Decision Trees: Complete Guide with Examples
Decision trees are supervised learning algorithms that work for both classification and regression tasks. They make predictions by learning simple decision rules from data features, creating a...
Key Insights
- Decision trees split data recursively based on feature values, using metrics like Gini impurity or entropy to determine the best splits at each node, making them highly interpretable models that require no feature scaling.
- Overfitting is the primary weakness of decision trees—they easily memorize training data—but can be controlled through pruning, limiting tree depth, and requiring minimum samples per split.
- While single decision trees are unstable and sensitive to small data changes, they form the foundation of powerful ensemble methods like Random Forests and Gradient Boosting that dominate many real-world applications.
Introduction to Decision Trees
Decision trees are supervised learning algorithms that work for both classification and regression tasks. They make predictions by learning simple decision rules from data features, creating a tree-like model of decisions.
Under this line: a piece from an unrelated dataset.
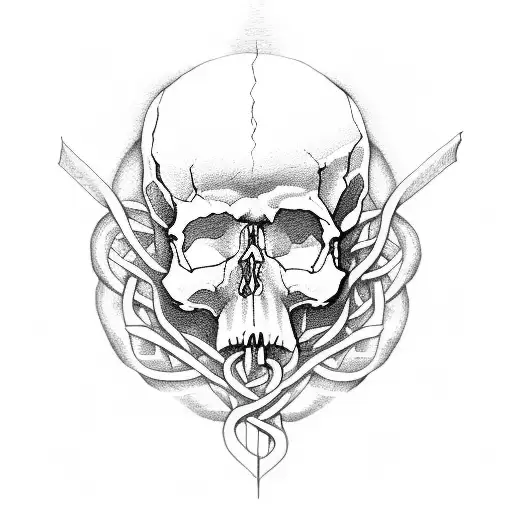 A Hauntingly Beautiful Verse From A Religious Text Intertwined With A Skull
The structure consists of:
- Root node: The starting point representing the entire dataset
- Internal nodes: Decision points that split data based on feature conditions
- Branches: Outcomes of decisions connecting nodes
- Leaf nodes: Terminal nodes containing final predictions
Use decision trees when you need interpretability, have mixed data types, or want a model that requires minimal data preprocessing. They excel in scenarios where decision logic needs explanation to stakeholders.
import pandas as pd
from sklearn.tree import DecisionTreeClassifier, plot_tree
import matplotlib.pyplot as plt
# Simple tennis dataset
data = {
'Outlook': ['Sunny', 'Sunny', 'Overcast', 'Rain', 'Rain', 'Rain', 'Overcast', 'Sunny'],
'Temperature': ['Hot', 'Hot', 'Hot', 'Mild', 'Cool', 'Cool', 'Cool', 'Mild'],
'Humidity': ['High', 'High', 'High', 'High', 'Normal', 'Normal', 'Normal', 'High'],
'Wind': ['Weak', 'Strong', 'Weak', 'Weak', 'Weak', 'Strong', 'Strong', 'Weak'],
'PlayTennis': ['No', 'No', 'Yes', 'Yes', 'Yes', 'No', 'Yes', 'No']
}
df = pd.DataFrame(data)
X = pd.get_dummies(df.drop('PlayTennis', axis=1))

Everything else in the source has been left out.